### [EXERCISE BRIEF]
Each line in the entries that has the word "Stock" has to be copied.

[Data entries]
# # #

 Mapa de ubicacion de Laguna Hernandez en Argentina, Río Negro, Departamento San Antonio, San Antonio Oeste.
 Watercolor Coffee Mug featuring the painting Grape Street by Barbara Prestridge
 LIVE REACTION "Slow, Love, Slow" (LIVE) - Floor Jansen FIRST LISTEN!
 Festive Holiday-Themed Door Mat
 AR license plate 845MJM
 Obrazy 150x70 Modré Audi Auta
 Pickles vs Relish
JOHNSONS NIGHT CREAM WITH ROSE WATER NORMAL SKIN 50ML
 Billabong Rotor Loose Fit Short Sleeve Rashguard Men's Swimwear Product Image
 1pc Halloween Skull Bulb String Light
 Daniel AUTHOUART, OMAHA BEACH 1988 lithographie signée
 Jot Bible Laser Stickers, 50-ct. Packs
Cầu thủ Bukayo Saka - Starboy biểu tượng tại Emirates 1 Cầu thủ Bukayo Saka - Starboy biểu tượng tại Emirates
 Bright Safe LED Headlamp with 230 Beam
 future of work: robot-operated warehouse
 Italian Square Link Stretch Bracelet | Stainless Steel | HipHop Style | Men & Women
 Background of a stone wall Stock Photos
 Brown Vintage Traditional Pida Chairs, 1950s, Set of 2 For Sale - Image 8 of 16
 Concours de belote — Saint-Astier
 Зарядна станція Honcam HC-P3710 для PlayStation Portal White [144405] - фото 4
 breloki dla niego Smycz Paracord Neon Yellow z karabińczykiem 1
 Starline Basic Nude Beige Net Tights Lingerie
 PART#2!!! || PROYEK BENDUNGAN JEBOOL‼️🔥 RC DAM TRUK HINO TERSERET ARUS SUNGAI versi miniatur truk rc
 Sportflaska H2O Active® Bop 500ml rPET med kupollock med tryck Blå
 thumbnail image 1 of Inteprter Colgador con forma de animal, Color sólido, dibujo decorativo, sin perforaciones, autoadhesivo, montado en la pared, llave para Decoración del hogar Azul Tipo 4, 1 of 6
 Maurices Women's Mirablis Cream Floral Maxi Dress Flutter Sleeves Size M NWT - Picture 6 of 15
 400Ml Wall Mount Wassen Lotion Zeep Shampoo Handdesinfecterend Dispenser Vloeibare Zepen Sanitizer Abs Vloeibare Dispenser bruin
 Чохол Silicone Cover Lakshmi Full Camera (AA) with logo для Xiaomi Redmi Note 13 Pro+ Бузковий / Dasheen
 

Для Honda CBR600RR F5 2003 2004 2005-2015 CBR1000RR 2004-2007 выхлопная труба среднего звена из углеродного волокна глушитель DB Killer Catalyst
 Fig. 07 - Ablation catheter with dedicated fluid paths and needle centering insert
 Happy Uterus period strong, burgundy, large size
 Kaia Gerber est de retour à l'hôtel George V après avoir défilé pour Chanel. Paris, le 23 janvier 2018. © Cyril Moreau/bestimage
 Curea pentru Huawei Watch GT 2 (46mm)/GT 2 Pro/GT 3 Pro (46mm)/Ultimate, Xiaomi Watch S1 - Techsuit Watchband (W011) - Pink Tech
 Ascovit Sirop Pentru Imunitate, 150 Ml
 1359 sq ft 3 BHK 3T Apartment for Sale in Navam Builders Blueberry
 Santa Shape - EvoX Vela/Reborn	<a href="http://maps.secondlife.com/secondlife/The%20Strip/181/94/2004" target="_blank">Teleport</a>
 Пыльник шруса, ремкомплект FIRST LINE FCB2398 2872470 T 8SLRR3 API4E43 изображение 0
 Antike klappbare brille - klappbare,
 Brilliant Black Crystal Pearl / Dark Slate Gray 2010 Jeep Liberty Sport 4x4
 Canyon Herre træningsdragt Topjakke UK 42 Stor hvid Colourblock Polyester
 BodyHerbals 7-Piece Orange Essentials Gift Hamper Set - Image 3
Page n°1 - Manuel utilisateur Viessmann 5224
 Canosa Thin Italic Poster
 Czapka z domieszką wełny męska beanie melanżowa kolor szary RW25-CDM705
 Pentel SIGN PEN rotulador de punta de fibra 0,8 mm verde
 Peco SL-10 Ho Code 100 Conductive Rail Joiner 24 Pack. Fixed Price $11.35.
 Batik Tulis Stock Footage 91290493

# # #

### [RESPONSE BOX]
 Background of a stone wall Stock Photos
 Batik Tulis Stock Footage 91290493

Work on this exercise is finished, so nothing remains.